--- Data extract Enclosed Below ---

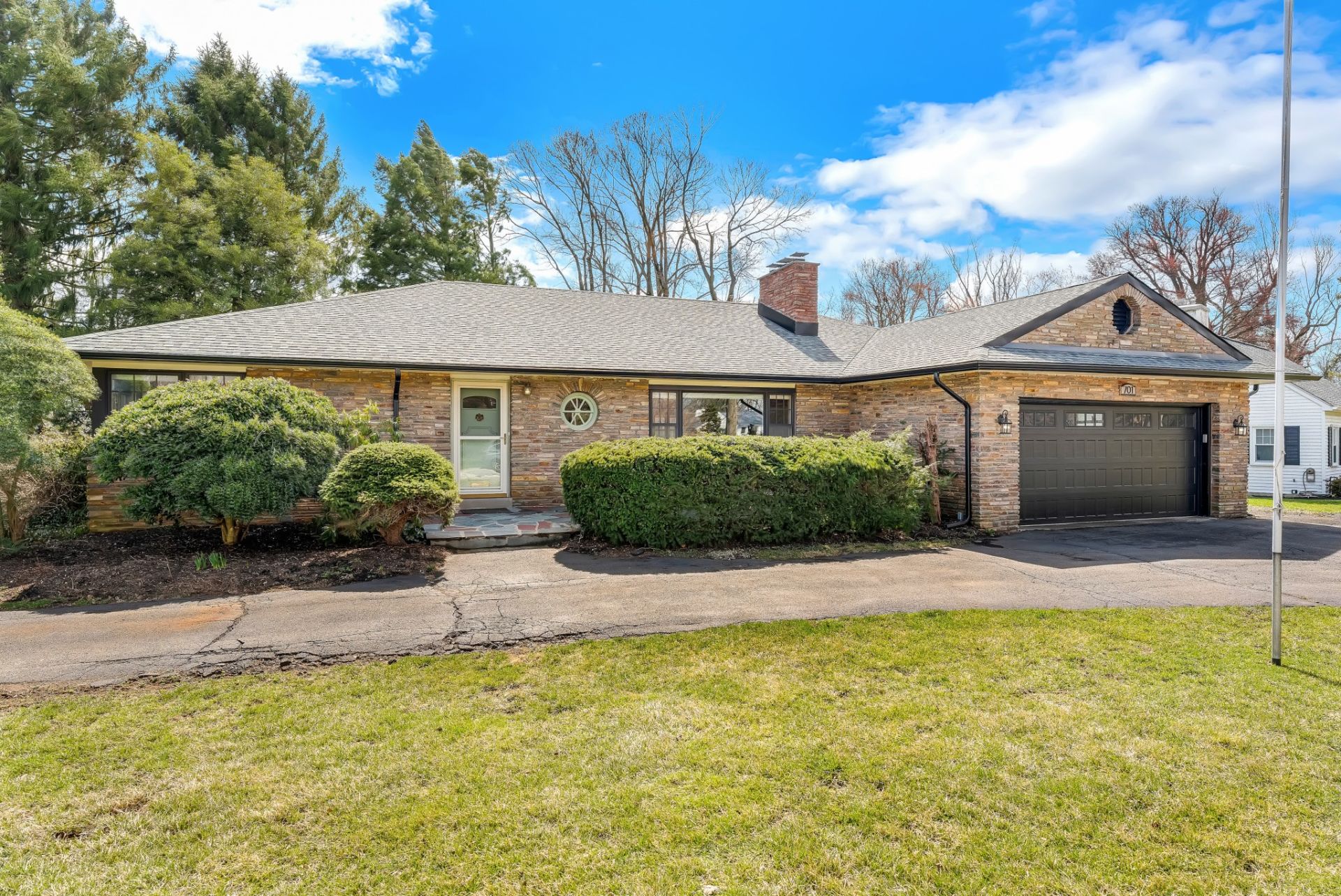 701 SUNSET ROAD GLENSIDE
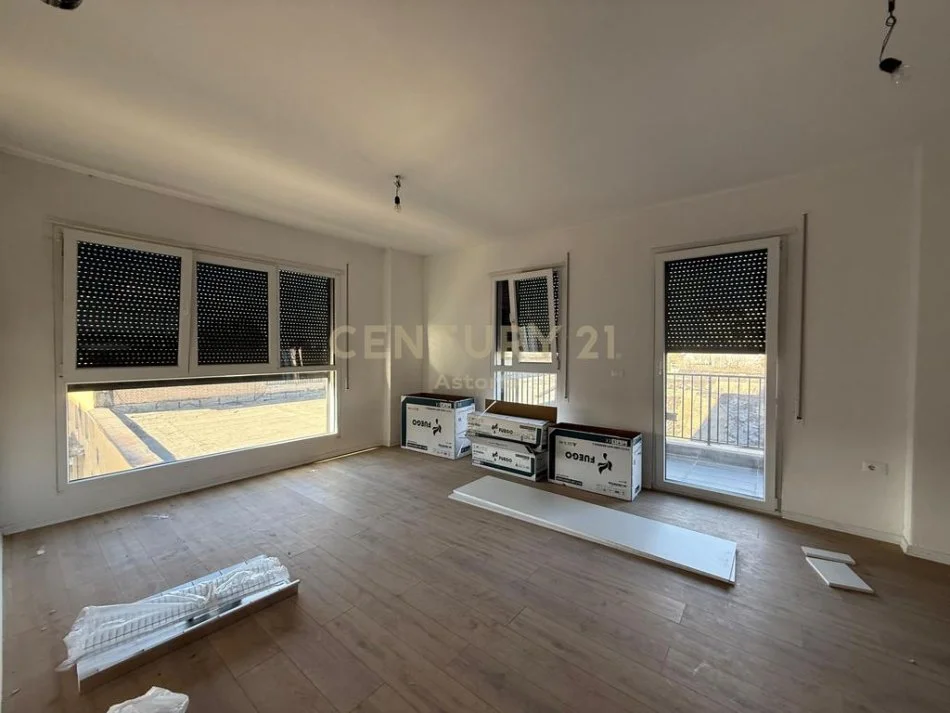 Tirane, jepet me qera apartament 2+1 Kati 1, 100 m² 640 € (Don Bosko)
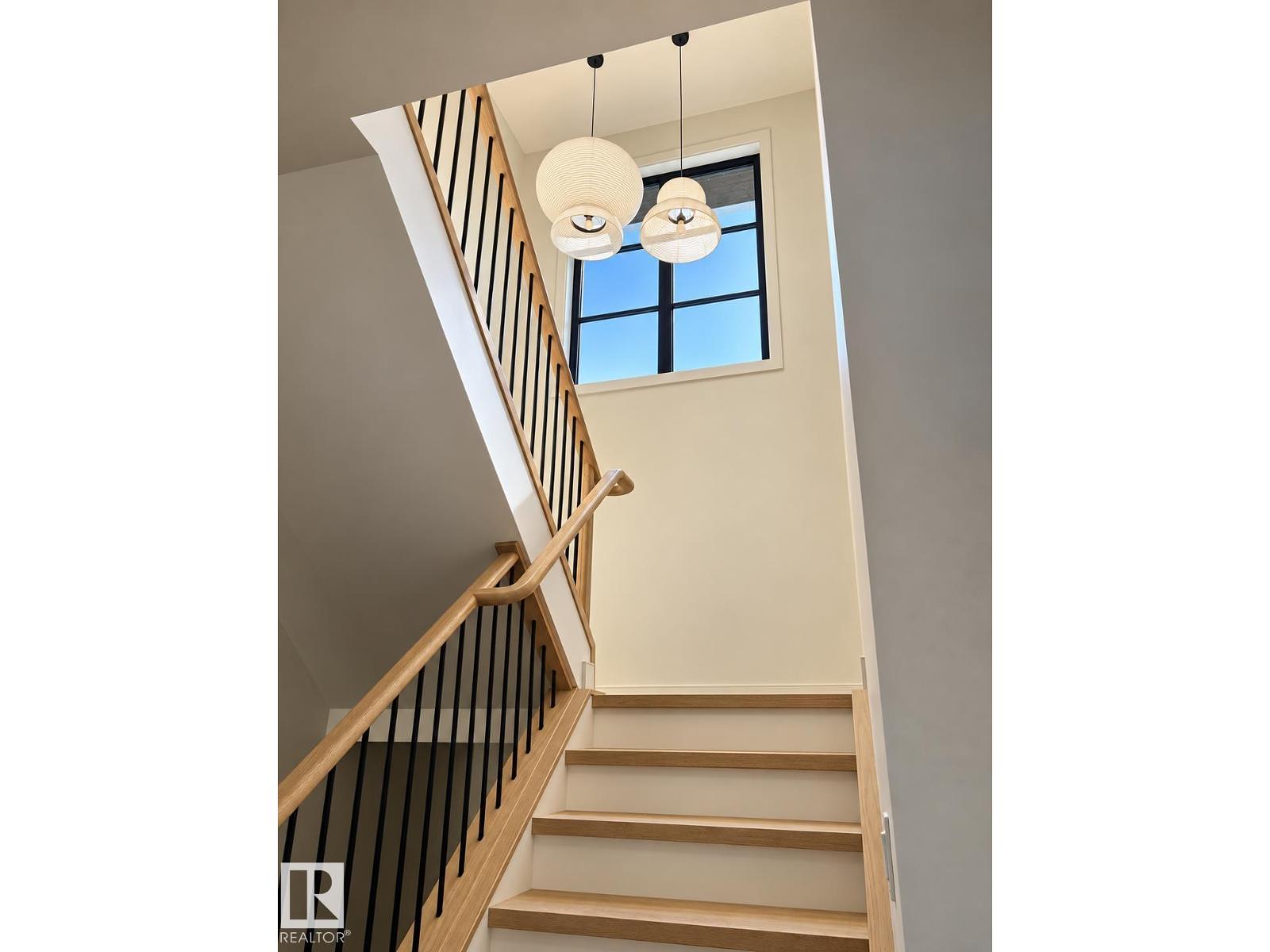 9243 148 St Nw Property Photo 20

--- End of Enclosed Data extract ---

=== What the task requires ===
Exactly as written, return each line above and leave the pictures behind.

=== Result of this exercise ===
 701 SUNSET ROAD GLENSIDE
 Tirane, jepet me qera apartament 2+1 Kati 1, 100 m² 640 € (Don Bosko)
 9243 148 St Nw Property Photo 20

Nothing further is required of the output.